Writing Tip — Humor and Bad Experiences

accident-w994009_1920In The Deer on a Bicycle: Excursions into the Writing of Humor, author Patrick F. McManus advises that when looking for inspiration for a humorous story, you should write “about your bad experiences, not your good ones.” When life is at its worst, humor can be at its best. My recent trip to St. Louis gives real-world validation of that advice.

In August, I drove my parents and kids to see my sister and her family in St. Louis. One of the highlights was visiting the Cathedral Basilica of St. Louis. I walked into the darkened church, and my jaw dropped. Covering 83,000 square feet of ceiling and parts of walls are 41.5 million pieces of glass in mosaics. Even in the lowered lights, the ceiling glittered, depicting scenes from the Bible and North American history. Along the sides of the church were four chapels, also covered in mosaics as well as marble. The dominant color in the Chapel of the Blessed Sacrament is red. The marble in the All Souls Chapel is black and white, symbolizing death and resurrection.

I could have stood there for hours, craning my neck at the incredible art above me. As wonderful as the experience was, there’s no humor in it. Awe-inspiring but funny.

The fun came when I took my kids and my niece and nephew fishing. My youngest, the Fishing Fanatic, and my oldest brought five tackle boxes, just so they didn’t forget anything. We went to a small manmade lake behind a Y recreation center.

Since the kids weren’t having much luck, my oldest was trying to lure schools of fish he had spotted from a bridge to where the kids were fishing. He laid his rod on a rock, the baited hook dangling in the water.
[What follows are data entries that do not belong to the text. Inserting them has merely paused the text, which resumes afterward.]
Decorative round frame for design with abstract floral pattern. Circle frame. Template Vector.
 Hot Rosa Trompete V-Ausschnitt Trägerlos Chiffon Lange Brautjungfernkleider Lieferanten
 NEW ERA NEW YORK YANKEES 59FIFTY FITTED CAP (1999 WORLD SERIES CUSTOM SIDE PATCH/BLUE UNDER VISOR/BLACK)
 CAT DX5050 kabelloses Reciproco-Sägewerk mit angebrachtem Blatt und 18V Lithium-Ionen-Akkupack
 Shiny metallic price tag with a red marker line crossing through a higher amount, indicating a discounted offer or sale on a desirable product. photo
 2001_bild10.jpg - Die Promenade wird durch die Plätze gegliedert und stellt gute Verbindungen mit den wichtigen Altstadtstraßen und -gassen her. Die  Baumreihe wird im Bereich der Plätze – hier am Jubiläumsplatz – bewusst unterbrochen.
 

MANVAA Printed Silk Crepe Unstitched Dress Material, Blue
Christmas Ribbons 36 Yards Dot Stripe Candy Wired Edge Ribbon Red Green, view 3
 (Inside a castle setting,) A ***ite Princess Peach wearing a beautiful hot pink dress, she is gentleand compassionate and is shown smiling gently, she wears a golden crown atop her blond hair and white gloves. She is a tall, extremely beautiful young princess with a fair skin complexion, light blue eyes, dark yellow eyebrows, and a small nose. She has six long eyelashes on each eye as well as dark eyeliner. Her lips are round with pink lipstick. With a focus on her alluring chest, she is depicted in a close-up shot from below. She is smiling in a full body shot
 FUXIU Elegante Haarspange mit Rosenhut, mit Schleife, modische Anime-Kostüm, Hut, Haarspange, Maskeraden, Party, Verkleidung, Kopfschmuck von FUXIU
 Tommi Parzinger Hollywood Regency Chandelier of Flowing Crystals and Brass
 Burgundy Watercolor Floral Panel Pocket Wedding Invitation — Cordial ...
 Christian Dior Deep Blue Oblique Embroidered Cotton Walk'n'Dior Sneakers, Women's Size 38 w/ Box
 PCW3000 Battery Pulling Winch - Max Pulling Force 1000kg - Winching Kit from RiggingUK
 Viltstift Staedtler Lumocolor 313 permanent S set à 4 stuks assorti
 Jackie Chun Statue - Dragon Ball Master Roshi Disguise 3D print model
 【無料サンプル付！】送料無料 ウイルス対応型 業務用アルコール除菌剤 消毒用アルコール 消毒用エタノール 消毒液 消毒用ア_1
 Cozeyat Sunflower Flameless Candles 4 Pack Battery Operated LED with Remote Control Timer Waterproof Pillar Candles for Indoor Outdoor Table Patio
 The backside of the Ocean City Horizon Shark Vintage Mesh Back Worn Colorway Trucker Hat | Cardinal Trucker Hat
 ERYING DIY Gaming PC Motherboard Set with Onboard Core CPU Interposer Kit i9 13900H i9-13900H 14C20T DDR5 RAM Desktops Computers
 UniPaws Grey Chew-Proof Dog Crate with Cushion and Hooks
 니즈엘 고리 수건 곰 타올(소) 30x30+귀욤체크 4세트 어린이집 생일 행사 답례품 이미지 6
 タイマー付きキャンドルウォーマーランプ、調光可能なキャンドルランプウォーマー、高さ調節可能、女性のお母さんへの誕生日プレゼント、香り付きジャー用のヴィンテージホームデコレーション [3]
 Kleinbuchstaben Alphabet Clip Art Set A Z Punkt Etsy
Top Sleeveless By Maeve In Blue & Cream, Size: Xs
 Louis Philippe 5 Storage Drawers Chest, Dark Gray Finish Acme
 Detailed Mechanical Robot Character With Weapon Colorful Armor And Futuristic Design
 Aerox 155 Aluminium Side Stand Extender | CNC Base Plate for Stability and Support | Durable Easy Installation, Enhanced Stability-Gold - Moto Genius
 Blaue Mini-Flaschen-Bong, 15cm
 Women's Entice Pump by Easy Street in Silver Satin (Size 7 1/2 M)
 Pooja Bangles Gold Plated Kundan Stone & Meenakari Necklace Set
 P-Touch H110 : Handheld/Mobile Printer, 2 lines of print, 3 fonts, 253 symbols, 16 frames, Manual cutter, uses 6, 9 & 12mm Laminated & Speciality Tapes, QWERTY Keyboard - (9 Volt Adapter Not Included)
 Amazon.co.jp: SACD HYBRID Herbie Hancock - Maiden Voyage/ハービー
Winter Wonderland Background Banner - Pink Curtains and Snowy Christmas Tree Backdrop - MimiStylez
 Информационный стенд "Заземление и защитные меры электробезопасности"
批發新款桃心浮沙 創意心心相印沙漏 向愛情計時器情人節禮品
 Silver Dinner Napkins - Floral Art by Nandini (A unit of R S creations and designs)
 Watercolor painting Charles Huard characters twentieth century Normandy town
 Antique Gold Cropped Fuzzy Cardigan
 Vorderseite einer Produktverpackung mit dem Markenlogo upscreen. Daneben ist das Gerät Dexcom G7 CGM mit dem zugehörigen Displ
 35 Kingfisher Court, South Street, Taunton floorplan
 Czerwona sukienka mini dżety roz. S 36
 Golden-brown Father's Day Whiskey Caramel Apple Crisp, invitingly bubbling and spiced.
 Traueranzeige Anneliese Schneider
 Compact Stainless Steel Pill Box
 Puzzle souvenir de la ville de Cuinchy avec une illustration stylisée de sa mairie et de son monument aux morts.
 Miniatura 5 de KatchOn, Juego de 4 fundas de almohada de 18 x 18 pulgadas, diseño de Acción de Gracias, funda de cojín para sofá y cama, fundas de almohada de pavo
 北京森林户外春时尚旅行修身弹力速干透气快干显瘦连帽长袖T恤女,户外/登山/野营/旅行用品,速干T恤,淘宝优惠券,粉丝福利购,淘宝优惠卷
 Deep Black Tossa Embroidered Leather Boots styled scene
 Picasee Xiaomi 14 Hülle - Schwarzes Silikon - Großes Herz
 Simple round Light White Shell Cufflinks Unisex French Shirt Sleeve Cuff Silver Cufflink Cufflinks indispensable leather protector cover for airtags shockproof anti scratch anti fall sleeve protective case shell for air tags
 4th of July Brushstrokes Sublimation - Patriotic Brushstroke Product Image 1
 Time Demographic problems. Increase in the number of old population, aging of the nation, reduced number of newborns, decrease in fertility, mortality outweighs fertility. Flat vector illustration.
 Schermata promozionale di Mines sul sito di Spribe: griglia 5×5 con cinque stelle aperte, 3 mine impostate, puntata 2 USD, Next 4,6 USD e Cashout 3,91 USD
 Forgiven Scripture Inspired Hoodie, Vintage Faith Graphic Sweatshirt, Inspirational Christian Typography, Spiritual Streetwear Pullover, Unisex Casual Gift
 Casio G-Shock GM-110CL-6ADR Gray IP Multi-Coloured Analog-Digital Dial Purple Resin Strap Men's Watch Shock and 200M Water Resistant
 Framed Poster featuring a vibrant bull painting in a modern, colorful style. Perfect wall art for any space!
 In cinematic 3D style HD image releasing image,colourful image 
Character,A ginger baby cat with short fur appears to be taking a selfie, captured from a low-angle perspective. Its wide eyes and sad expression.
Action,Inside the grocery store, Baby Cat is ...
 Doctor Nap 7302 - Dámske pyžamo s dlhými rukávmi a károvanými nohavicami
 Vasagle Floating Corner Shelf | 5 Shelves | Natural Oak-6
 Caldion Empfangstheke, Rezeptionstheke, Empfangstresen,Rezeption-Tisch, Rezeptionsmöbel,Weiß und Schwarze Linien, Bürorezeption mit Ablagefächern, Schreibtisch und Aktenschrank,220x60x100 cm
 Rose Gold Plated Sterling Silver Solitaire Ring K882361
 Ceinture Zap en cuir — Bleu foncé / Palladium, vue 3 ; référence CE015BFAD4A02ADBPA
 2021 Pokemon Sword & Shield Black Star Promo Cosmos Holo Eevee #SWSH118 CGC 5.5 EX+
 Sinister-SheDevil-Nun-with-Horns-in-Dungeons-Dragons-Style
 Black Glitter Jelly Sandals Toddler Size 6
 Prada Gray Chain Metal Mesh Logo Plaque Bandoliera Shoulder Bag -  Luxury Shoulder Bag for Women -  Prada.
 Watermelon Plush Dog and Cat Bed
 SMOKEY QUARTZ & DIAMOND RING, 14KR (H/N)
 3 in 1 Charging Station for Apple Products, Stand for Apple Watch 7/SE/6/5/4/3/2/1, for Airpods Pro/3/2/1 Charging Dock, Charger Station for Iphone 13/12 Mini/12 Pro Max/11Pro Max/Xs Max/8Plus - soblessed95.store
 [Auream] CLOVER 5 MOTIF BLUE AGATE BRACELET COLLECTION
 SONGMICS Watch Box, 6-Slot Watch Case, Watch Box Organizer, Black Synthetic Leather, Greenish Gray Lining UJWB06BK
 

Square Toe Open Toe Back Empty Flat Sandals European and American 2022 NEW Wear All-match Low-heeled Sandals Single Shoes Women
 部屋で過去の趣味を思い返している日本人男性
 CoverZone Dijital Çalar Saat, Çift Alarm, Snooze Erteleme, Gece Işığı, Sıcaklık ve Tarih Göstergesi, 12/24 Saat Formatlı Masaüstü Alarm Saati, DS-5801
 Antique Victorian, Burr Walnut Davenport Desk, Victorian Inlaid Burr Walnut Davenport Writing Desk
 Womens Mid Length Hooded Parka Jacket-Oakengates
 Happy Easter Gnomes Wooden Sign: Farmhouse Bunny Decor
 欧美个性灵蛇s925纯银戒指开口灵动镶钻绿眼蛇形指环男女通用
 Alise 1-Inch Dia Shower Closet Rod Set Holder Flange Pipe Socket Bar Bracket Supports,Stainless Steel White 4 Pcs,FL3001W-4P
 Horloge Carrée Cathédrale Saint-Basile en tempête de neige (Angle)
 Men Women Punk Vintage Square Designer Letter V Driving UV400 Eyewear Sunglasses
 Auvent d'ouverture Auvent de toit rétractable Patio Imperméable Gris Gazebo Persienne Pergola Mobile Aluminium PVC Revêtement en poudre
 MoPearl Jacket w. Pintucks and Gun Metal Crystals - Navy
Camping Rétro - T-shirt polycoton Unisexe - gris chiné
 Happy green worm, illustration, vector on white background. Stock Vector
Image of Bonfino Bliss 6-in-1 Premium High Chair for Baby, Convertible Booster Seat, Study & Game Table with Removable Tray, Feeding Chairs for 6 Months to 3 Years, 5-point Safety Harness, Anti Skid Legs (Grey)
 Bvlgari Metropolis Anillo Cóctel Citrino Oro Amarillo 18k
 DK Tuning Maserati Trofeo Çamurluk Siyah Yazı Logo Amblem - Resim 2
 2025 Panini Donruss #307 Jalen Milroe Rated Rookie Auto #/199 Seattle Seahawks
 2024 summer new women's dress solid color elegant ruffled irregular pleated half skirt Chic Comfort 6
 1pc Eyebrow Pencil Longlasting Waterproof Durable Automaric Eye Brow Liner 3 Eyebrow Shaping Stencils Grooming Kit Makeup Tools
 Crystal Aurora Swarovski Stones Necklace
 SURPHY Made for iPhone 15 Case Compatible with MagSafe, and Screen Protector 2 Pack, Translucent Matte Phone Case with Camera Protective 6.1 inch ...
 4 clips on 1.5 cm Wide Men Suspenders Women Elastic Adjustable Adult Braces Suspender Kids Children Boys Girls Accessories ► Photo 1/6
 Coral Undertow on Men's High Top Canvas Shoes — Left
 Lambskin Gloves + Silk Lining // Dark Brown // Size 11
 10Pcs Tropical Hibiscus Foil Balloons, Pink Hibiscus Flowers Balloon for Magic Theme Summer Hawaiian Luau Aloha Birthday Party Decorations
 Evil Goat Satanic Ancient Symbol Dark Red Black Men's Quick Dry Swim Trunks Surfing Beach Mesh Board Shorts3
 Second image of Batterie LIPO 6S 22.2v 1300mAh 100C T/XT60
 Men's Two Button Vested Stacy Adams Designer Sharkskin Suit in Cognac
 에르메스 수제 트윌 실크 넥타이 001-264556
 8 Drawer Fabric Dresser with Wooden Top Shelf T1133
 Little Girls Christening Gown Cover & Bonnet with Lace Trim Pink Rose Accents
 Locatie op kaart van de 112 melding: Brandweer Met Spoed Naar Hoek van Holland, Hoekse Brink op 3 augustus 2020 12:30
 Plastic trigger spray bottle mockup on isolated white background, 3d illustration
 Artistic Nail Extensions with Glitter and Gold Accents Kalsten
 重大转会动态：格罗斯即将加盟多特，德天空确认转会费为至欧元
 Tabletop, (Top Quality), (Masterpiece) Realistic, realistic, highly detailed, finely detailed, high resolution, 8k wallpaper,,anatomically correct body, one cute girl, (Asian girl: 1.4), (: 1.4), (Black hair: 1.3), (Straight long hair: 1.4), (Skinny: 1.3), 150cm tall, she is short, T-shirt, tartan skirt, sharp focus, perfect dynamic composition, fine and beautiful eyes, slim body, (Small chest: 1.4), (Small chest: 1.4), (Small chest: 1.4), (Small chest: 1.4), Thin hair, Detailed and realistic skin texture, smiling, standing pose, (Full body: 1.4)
I took one look at that and thought, “That’s not a good idea,” and reached for the rod.

A fish took the bait and the rod into the water. The first strike my oldest had had all night.

I lunged into the algae-clogged water because (1) I didn’t want any of the kids to try it and (2) I didn’t want to tell my husband how we had lost the collapsible rod. I plunged my hand into the water, but the rod was pulled deeper. So I waded deeper, reached again, and grabbed the rod.  Hiking to the shore, I recovered the rod and a huge bluegill.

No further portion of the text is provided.